Rispetto agli altri cereali, il teff si distingue per la piccolissima dimensione dei suoi semi, circa 100 volte inferiore rispetto a quella del frumento 1. Nonostante ciò, il teff è un vero e proprio gigante dal punto di vista nutrizionale.

Questo cereale senza glutine è ricco di proteine, che possono aiutare a promuovere la sazietà, ridurre l'appetito e aumentare il metabolismo 45, 46, 47. Rappresenta anche una ricca fonte di carboidrati, fibre alimentari e sali minerali, come manganese, rame, magnesio, ferro, fosforo e zinco.

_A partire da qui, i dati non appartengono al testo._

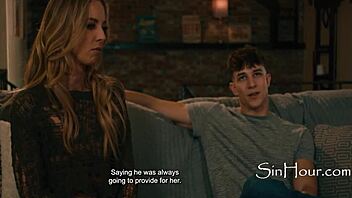 Blackmailed and bitched: A taboo cinema experience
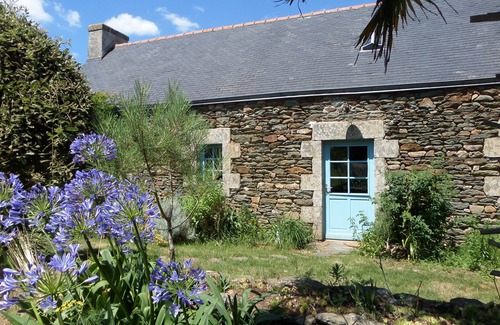 Treogat Cottage | Exceptional Mansion - Tréogat with Oceanfront Views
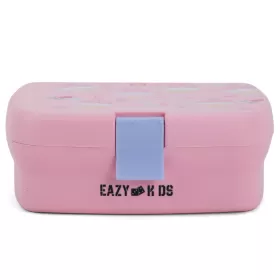 Eazy Kids Bento Lunch Box - Ice Cream Pink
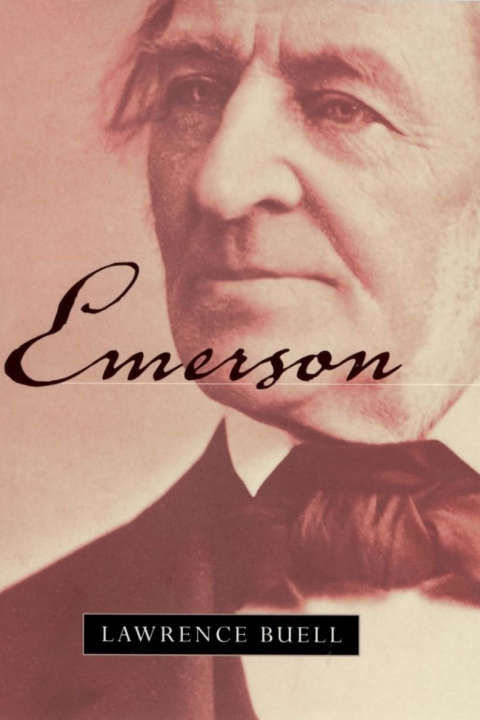 Cover image for book Emerson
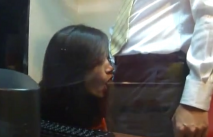 女業務員網咖洽談客戶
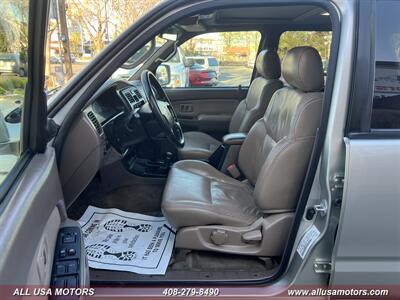 2002 Toyota 4Runner SR5   - Photo 23 - San Jose, CA 95116
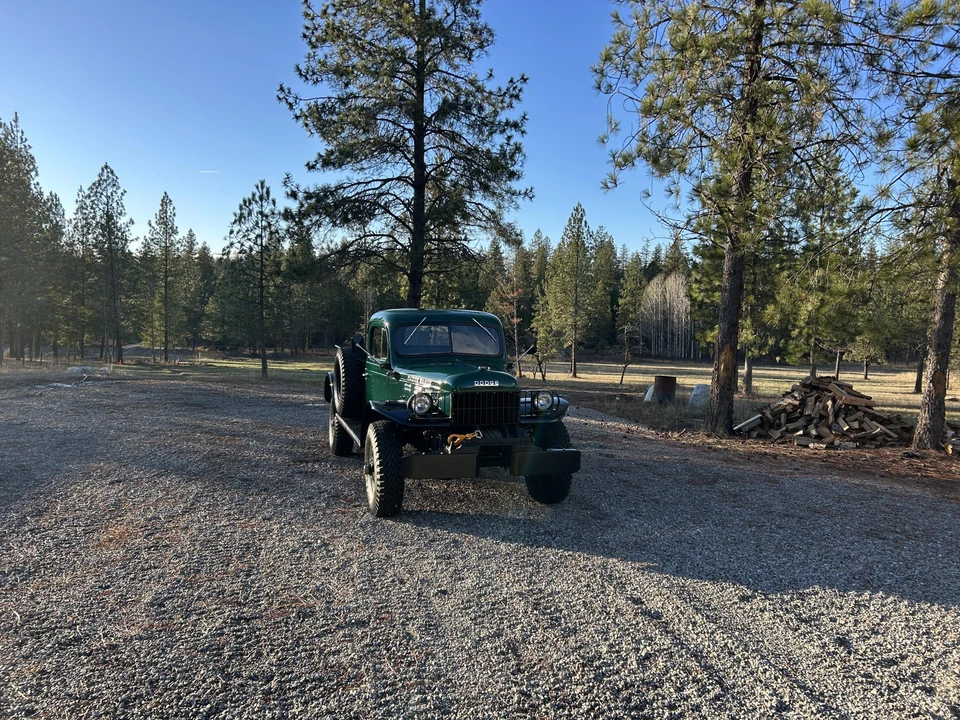 1948 Dodge Power Wagon (1946-1968) - Image 6 of 31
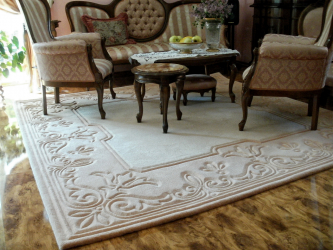 Красивые Ковры на пол: 230+ Фото Модных дизайнов в современном интерьере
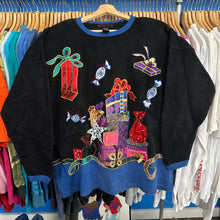 Load image into Gallery viewer, Presents Sweater
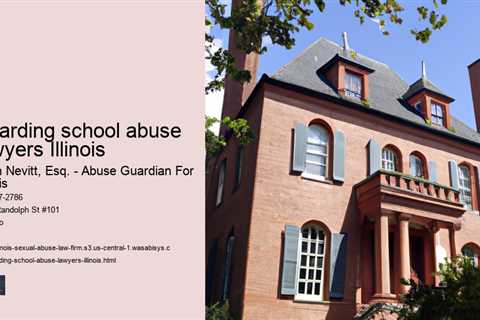 Boarding school abuse lawyers Illinois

100 grammi di teff crudo coprono da soli circa il 60% del fabbisogno quotidiano di ferro di un adulto. Il Teff è dunque utile per migliorare il livello di emoglobina nel corpo umano e aiuta a prevenire la malaria, l'incidenza di anemia e il diabete 48.

Si stima che il 20-40% dei carboidrati nel teff siano amidi resistenti. Gli studi suggeriscono che l'amido resistente:

  • può abbassare i livelli di zucchero nel sangue, migliorare la sensibilità all'insulina e aumentare la sazietà favorendo la perdita di peso 49, 50, 51.
  • a livello del colon, viene convertito in butirrato, un importante acido grasso a catena corta che può migliorare la salute dell'apparato digerente.